(Crawled caption data)
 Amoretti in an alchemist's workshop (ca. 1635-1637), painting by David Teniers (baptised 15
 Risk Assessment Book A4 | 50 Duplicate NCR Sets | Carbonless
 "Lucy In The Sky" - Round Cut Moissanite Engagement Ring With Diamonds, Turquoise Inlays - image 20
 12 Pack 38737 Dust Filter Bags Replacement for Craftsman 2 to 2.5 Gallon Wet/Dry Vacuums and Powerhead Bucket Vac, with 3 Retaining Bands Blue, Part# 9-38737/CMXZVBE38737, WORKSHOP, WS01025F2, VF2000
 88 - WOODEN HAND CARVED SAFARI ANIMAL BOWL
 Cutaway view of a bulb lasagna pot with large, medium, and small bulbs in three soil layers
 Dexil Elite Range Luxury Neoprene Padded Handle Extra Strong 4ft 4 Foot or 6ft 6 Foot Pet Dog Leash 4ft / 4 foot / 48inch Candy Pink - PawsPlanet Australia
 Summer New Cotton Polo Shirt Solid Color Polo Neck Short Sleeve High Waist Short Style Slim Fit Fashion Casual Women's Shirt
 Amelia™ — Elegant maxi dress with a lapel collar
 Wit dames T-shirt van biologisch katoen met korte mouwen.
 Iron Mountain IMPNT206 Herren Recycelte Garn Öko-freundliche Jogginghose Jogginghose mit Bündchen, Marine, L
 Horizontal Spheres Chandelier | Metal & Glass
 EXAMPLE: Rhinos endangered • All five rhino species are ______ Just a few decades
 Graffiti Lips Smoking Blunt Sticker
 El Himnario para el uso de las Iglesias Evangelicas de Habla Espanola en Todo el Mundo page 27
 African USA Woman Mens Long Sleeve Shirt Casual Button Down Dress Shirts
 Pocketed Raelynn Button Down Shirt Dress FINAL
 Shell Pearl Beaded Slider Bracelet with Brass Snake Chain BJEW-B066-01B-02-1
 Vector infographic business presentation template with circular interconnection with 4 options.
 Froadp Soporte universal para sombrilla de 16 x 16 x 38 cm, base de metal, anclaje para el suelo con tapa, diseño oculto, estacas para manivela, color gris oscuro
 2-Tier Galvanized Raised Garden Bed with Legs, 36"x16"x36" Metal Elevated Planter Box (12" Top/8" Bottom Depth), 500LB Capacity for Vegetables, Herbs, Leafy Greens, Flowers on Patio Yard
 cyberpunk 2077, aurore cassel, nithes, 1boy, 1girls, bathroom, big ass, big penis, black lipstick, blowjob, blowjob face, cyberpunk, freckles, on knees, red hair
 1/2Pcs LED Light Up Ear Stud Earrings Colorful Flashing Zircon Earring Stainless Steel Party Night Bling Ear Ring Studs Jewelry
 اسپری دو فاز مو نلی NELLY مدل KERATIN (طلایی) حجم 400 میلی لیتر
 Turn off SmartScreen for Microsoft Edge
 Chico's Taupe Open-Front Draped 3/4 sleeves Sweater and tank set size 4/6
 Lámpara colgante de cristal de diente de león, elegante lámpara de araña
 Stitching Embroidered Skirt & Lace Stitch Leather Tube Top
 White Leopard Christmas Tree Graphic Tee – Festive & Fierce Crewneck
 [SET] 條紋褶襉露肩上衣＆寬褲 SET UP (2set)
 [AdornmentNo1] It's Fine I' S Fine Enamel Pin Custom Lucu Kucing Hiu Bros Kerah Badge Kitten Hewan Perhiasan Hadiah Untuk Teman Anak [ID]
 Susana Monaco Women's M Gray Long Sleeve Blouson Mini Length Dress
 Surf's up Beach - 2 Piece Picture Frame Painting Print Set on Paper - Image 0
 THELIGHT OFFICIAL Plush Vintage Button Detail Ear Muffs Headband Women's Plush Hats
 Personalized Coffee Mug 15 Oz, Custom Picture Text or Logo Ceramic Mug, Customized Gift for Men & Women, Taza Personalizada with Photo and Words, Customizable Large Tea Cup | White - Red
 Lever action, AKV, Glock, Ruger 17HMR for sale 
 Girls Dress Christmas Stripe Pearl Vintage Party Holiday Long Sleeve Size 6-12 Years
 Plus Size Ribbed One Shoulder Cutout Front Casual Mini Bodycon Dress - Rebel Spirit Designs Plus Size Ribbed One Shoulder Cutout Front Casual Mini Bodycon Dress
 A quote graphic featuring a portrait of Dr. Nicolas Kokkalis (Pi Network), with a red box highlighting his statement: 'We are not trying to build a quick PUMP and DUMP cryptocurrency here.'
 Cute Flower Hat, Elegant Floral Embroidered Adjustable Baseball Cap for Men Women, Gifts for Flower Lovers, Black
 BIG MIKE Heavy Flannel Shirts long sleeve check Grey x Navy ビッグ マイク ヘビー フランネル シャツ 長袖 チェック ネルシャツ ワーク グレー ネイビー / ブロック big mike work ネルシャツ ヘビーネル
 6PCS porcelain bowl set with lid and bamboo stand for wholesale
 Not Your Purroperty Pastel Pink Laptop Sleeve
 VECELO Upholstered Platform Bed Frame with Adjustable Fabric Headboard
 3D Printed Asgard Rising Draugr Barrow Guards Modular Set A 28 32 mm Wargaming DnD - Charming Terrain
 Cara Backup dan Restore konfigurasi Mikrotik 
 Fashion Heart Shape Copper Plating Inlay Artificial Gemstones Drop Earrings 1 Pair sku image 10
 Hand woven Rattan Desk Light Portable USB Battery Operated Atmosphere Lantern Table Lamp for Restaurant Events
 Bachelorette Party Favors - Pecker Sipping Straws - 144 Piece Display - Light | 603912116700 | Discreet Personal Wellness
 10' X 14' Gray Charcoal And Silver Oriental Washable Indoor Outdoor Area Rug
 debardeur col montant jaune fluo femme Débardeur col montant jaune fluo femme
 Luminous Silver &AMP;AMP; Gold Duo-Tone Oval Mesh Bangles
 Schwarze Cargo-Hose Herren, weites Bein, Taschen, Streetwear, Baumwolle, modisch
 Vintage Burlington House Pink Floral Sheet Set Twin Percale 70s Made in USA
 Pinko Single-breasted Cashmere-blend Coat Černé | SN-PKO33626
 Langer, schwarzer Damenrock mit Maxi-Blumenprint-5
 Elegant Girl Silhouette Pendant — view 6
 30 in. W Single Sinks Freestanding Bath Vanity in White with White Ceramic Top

(Your assignment): Within the data above, the lines from the one with "Hand woven Rattan" to the one with "10' X 14' Gray" must be repeated exactly; no other line belongs in the answer.

(Result below):
 Hand woven Rattan Desk Light Portable USB Battery Operated Atmosphere Lantern Table Lamp for Restaurant Events
 Bachelorette Party Favors - Pecker Sipping Straws - 144 Piece Display - Light | 603912116700 | Discreet Personal Wellness
 10' X 14' Gray Charcoal And Silver Oriental Washable Indoor Outdoor Area Rug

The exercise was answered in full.